SOURCE DATA

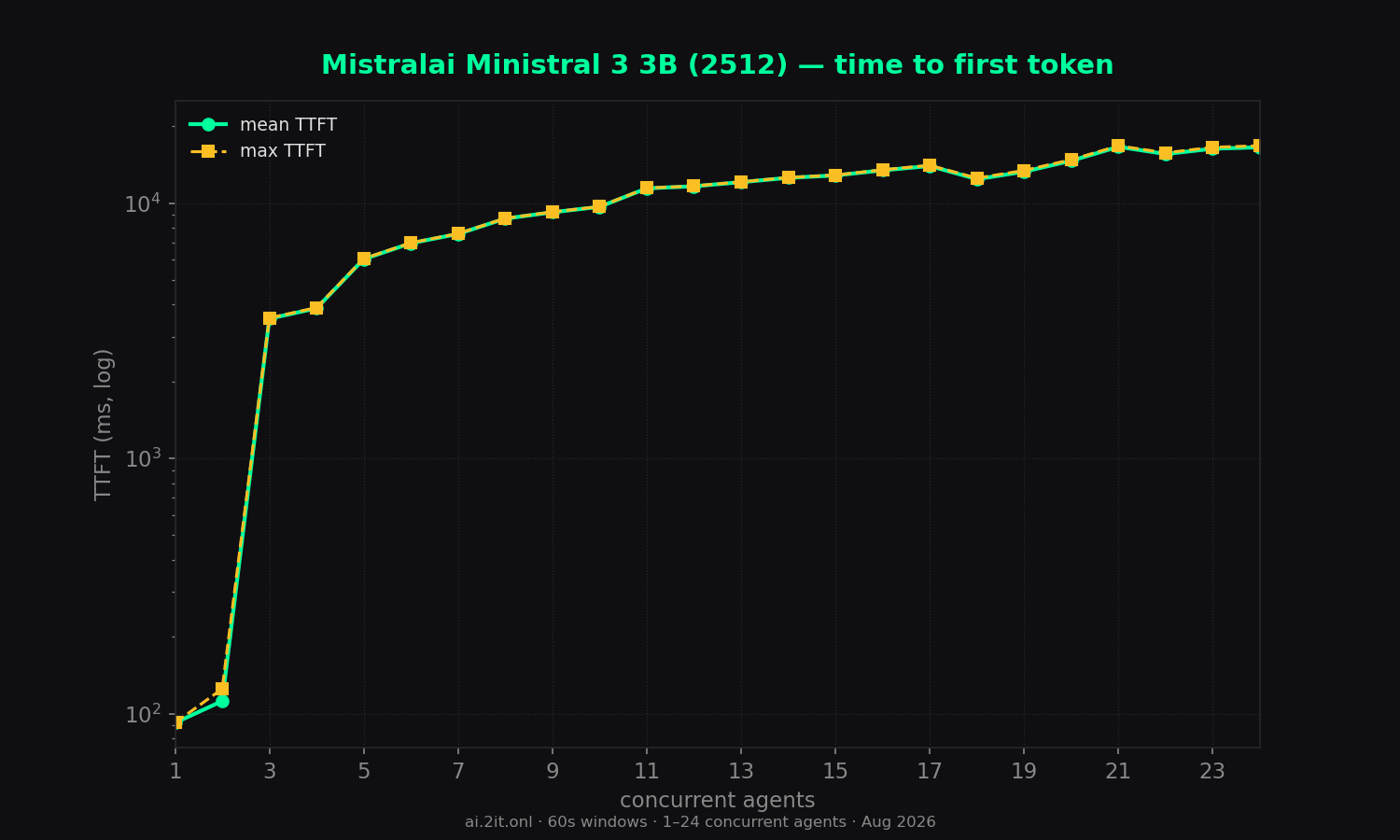 Time to first token — mean (solid) and max (dashed). Log scale. Gaps mean no visible content ever arrived within the 60s window.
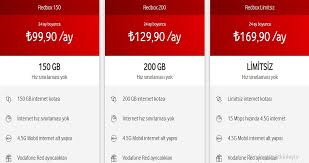 vodafone evde internet paketleri ve kampanyalari 2021 bedava internet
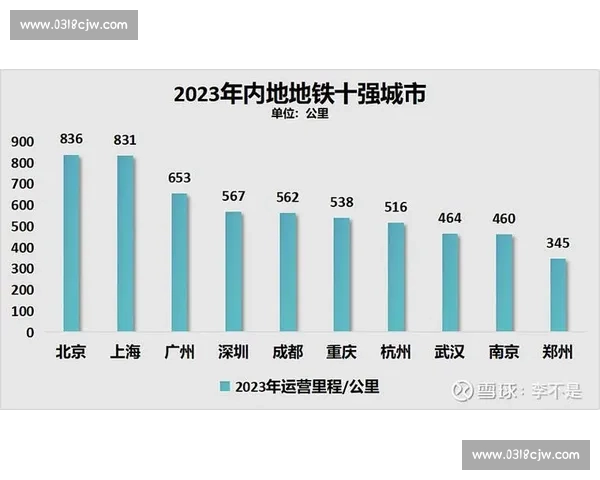 重庆与杭州巅峰对决城市实力与未来发展大比拼经济文化全面较量 重庆与杭州巅峰对决城市实力与未来发展大比拼经济文化全面较量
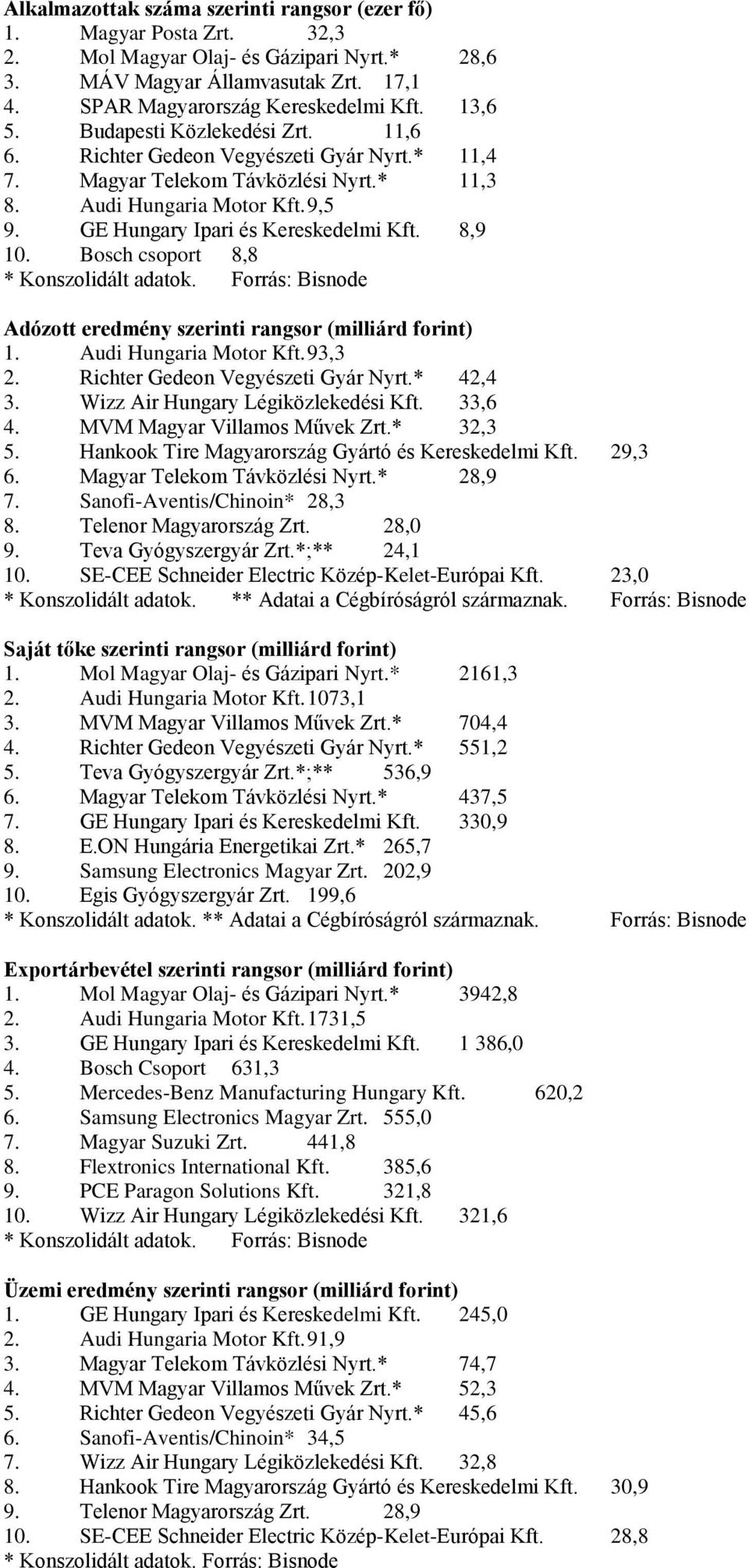 Bosch csoport 8,8 szerinti rangsor (milliárd forint) 1. Audi Hungaria Motor Kft. 93,3 2. Richter Gedeon Vegyészeti Gyár Nyrt.* 42,4 3. Wizz Air Hungary Légiközlekedési Kft. 33,6 4.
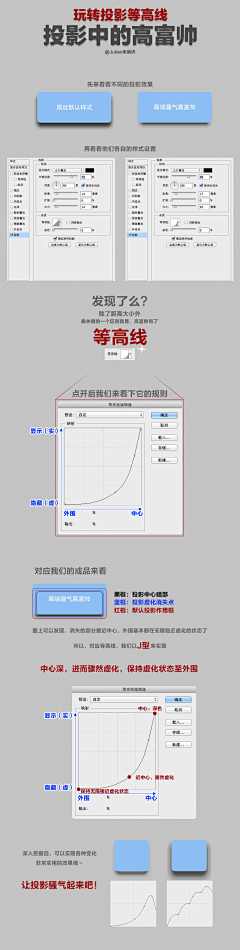 Eilwen采集到教程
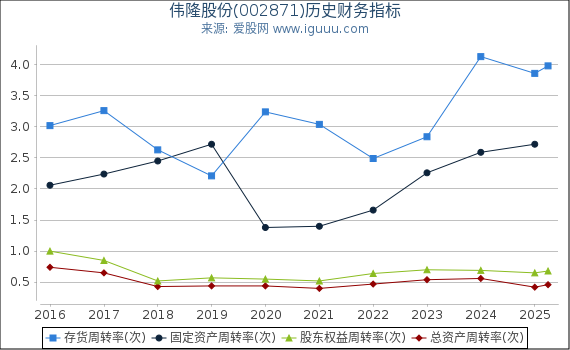 伟隆股份(002871)股东权益比率、固定资产比率等历史财务指标图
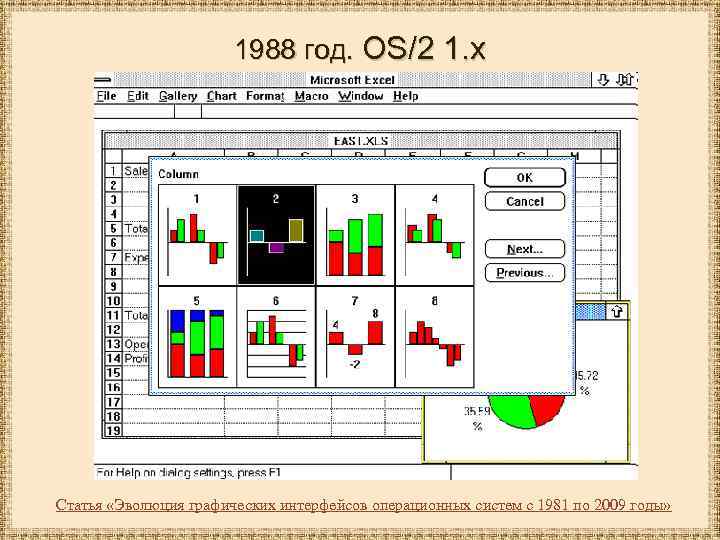 1988 год. OS/2 1. x Статья «Эволюция графических интерфейсов операционных систем с 1981 по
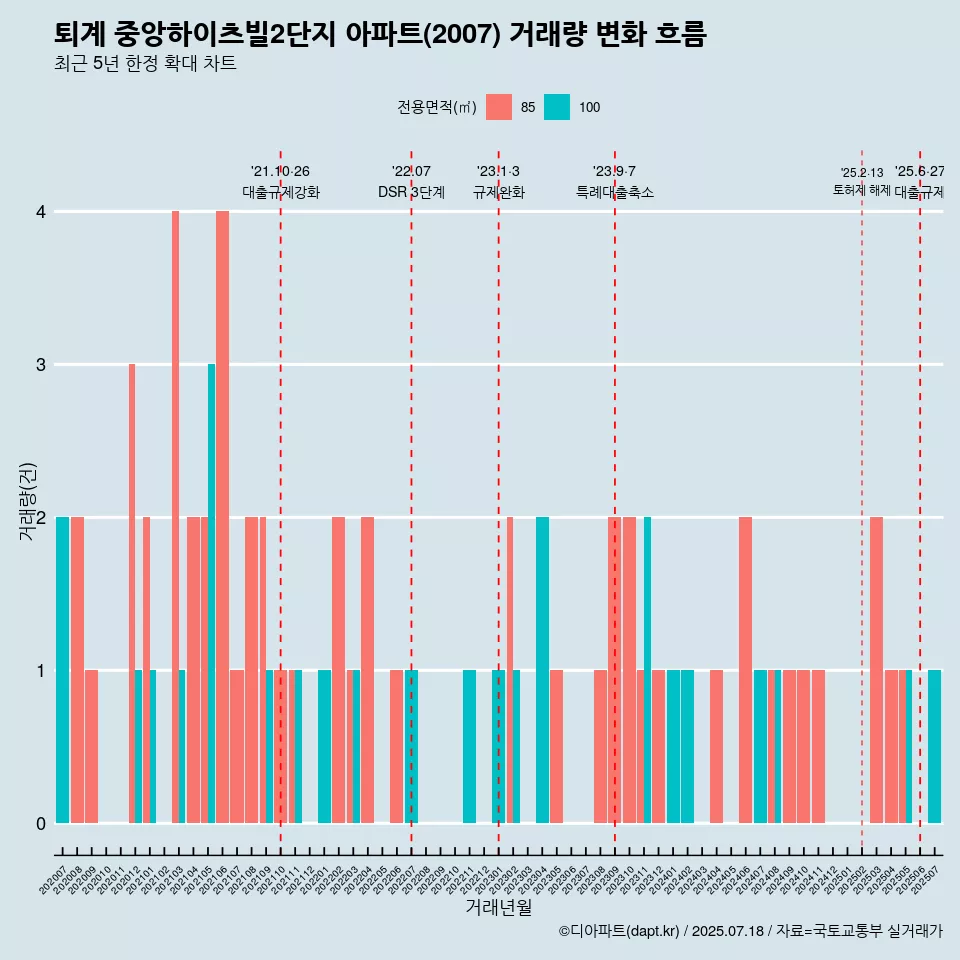 퇴계 중앙하이츠빌2단지 아파트(2007) 거래량 변화 흐름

TASK OBJECTIVE
When you transcribe the entries, reproduce each line exactly and skip any picture.

WRITTEN SOLUTION
 Time to first token — mean (solid) and max (dashed). Log scale. Gaps mean no visible content ever arrived within the 60s window.
 vodafone evde internet paketleri ve kampanyalari 2021 bedava internet
 重庆与杭州巅峰对决城市实力与未来发展大比拼经济文化全面较量 重庆与杭州巅峰对决城市实力与未来发展大比拼经济文化全面较量
 Bosch csoport 8,8 szerinti rangsor (milliárd forint) 1. Audi Hungaria Motor Kft. 93,3 2. Richter Gedeon Vegyészeti Gyár Nyrt.* 42,4 3. Wizz Air Hungary Légiközlekedési Kft. 33,6 4.
 Eilwen采集到教程
 伟隆股份(002871)股东权益比率、固定资产比率等历史财务指标图
 1988 год. OS/2 1. x Статья «Эволюция графических интерфейсов операционных систем с 1981 по
 퇴계 중앙하이츠빌2단지 아파트(2007) 거래량 변화 흐름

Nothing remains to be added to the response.